(Stored items)
◆ ◆ ◆
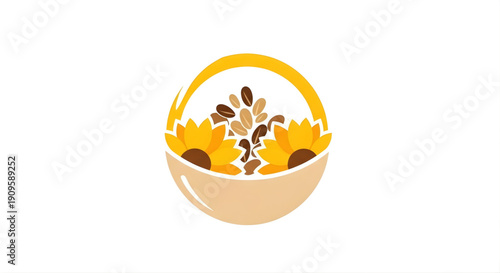 Stylized organic design of a wholesome breakfast bowl filled with vibrant sunflower petals, rich coffee beans, and nutritious seeds, embodying natural energy and morning freshness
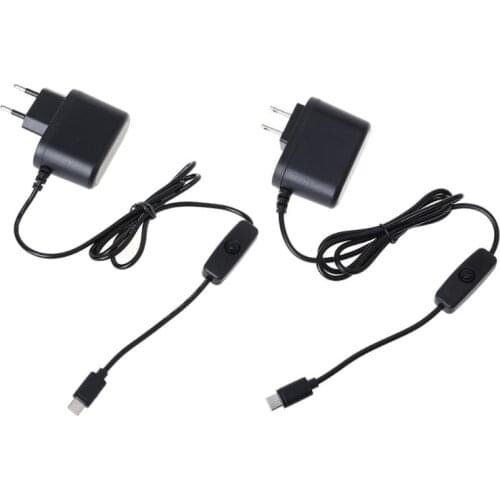USB C 5V 3A Type C Power Adapter with ON/OFF Switch for Raspberry Pi 4 Model B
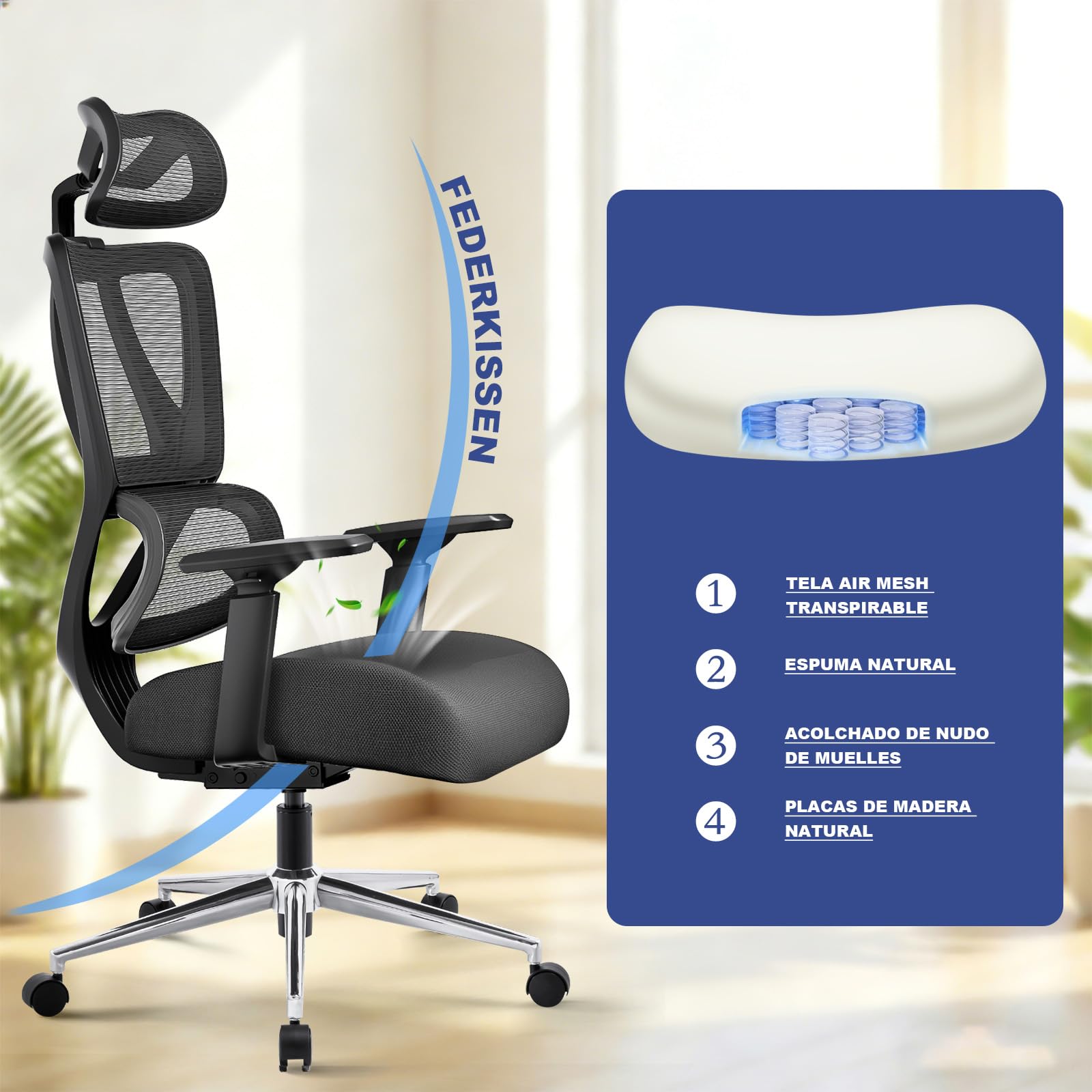 MELOKEA Silla de Oficina Ergonómica 150kg con Asiento de Muelles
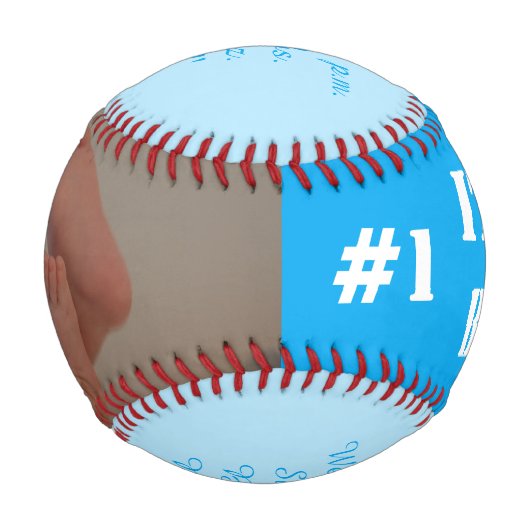 トリプレットボーイズ写真誕生統計ブルー 野球ボール (裏面)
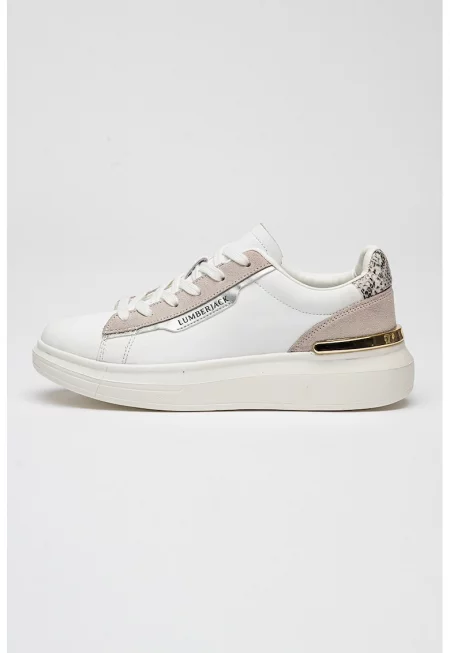 Спортни обувки Lilitta от еко кожа с велур - Бял/Златист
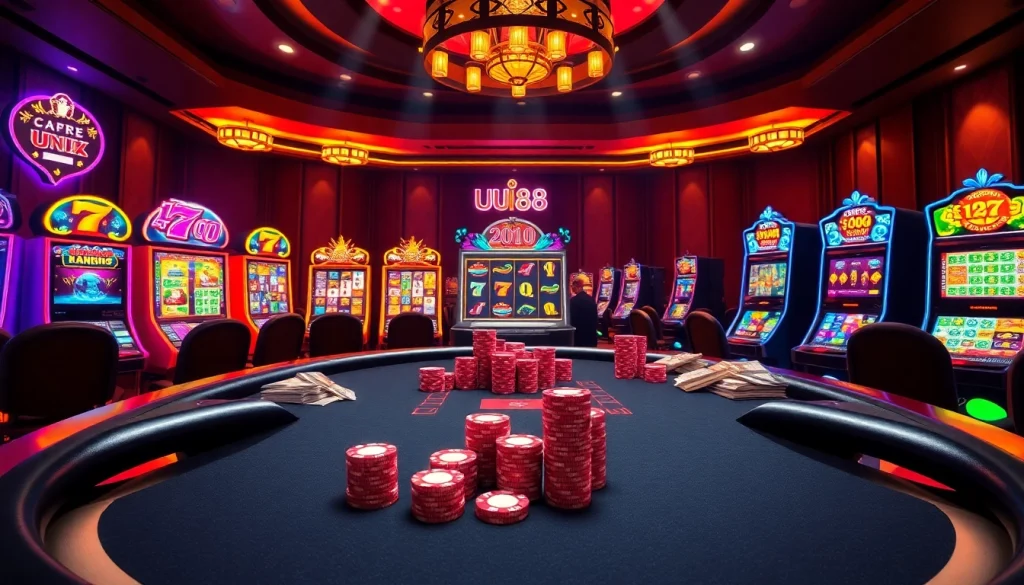 Experience the excitement of uu88 casino with vibrant gaming tables, slots, and poker chips.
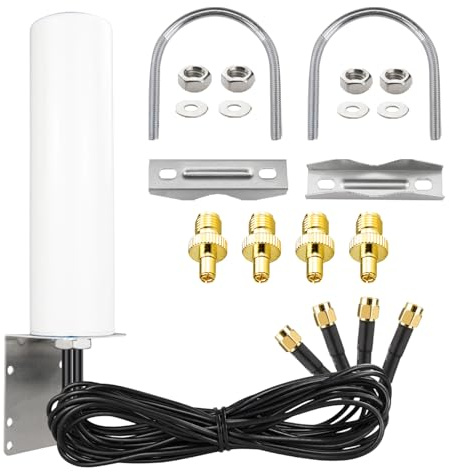 BOOBRIE 4x4 MIMO 4G LTE 5G Antenne 600-6000 MHz Rundstrahl-WLAN-Antenne mit SMA TS9-Anschluss 3 m RG58-Kabel für T-Mobile Home Internet Verizon AT&T Modem Router Gateways Hotspot Mobilfunk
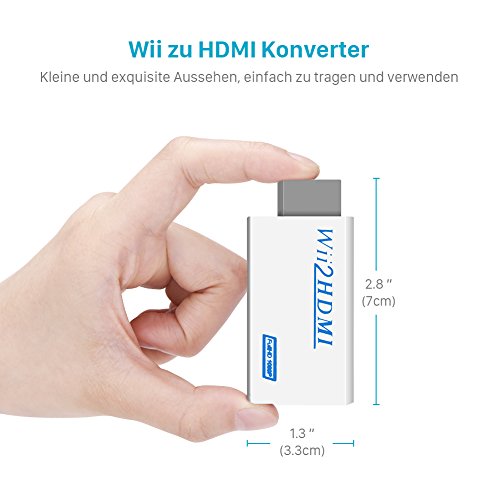 GHB Wii HDMI Adapter Wii zu HDMI Konverter Wii Signal automatisch auf 720p/ 1080p und HDMI-Anschluss / 3,5 mm Klinke Ausgang aus mit HDMI Kabel - 7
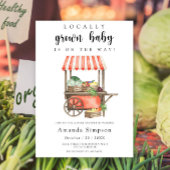 地元で栽培されたベビー農家市場カート赤ちゃんシャワー 招待状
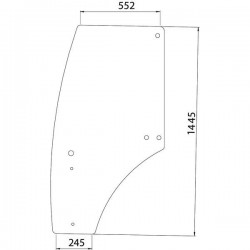 Door glass left John Deere R198624, R273148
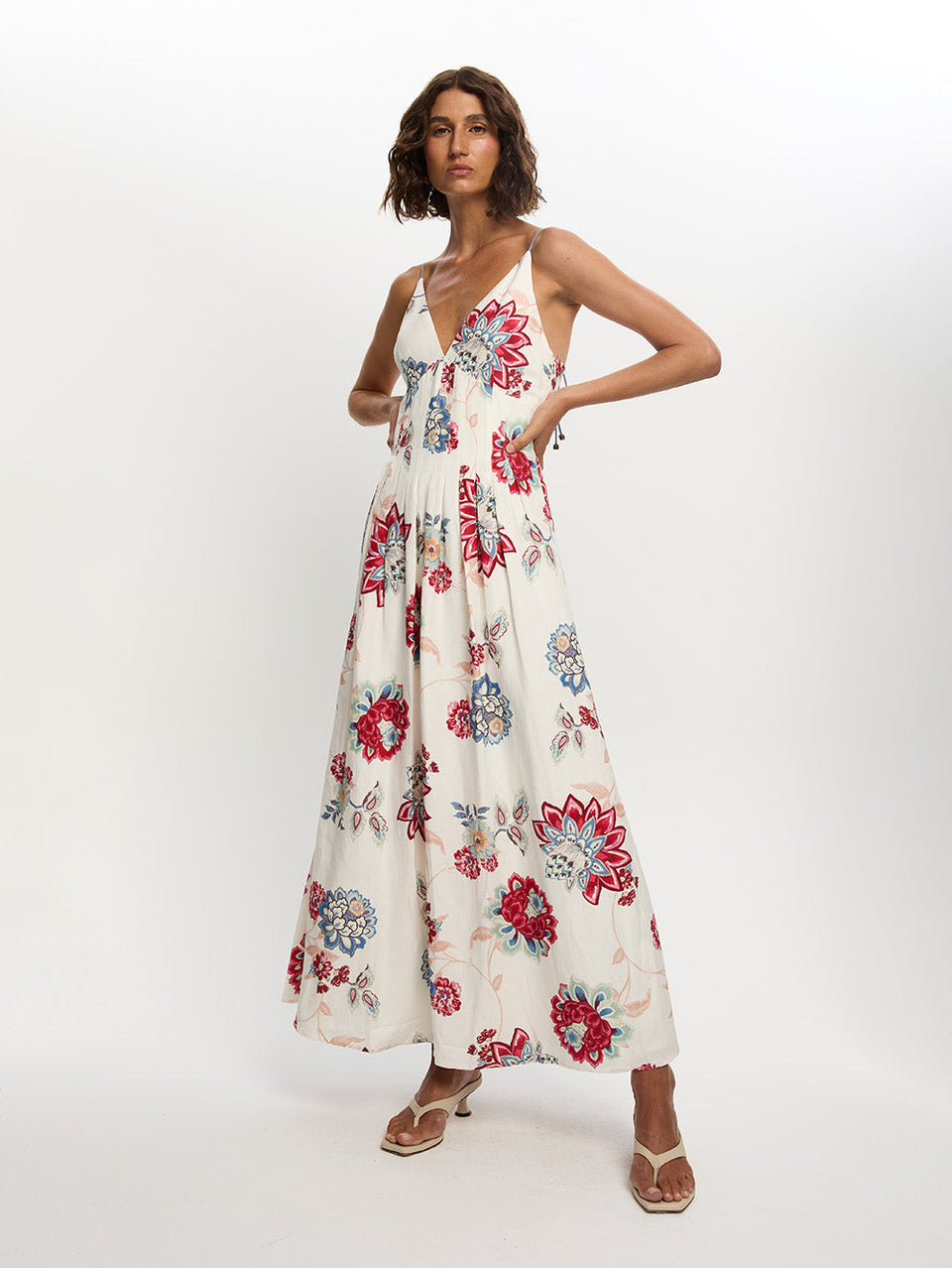 Woman in floral maxi dress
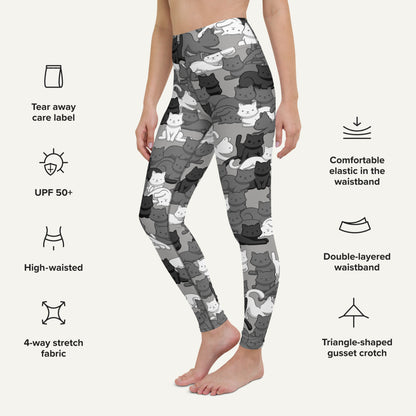 Cats Camouflage Urban High-Waisted Leggings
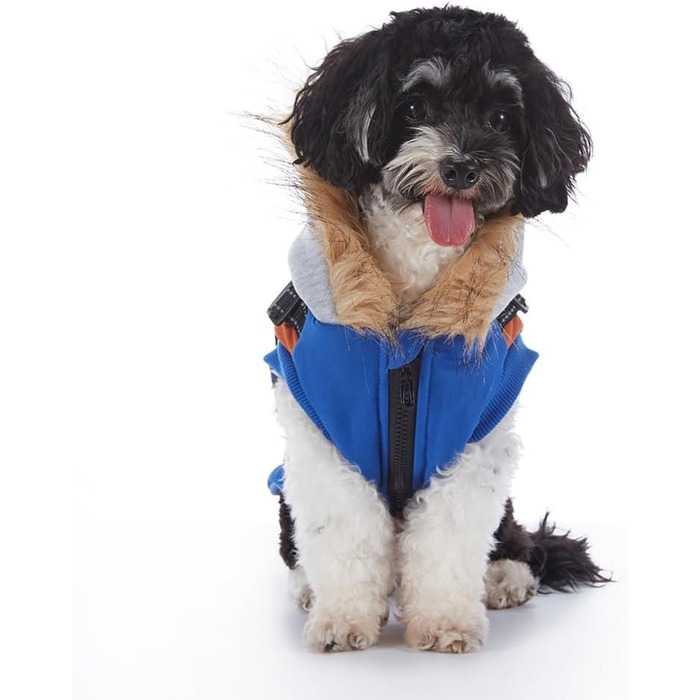 Тепла куртка-худі для собак маленьких та середніх порід, водонепроникна та вітронепроникна. З світловідбиваючим кріпленням для шлейки. Синій колір, розмір X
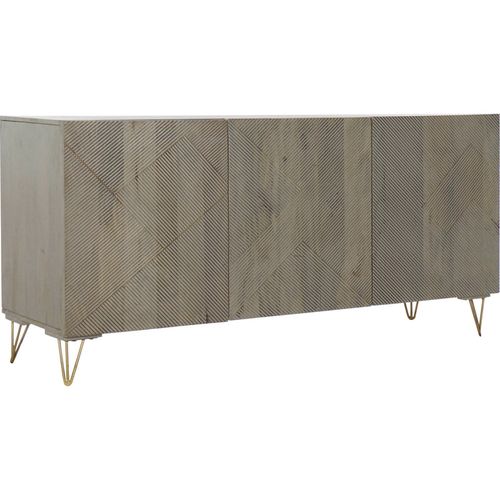 Buffet Chic En Métal Doré Et Finitions Grises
◆ ◆ ◆
WHAT NEEDS TO BE DONE: Please repeat the lines above from the line containing "地元で栽培されたベビー農家市場カート赤ちゃんシャワー 招待状" through the final line, both included, exactly as they stand and without pictures.

SOLUTION FOR THIS TASK:
 地元で栽培されたベビー農家市場カート赤ちゃんシャワー 招待状
 Door glass left John Deere R198624, R273148
 Woman in floral maxi dress
 Cats Camouflage Urban High-Waisted Leggings
 Тепла куртка-худі для собак маленьких та середніх порід, водонепроникна та вітронепроникна. З світловідбиваючим кріпленням для шлейки. Синій колір, розмір X
 Buffet Chic En Métal Doré Et Finitions Grises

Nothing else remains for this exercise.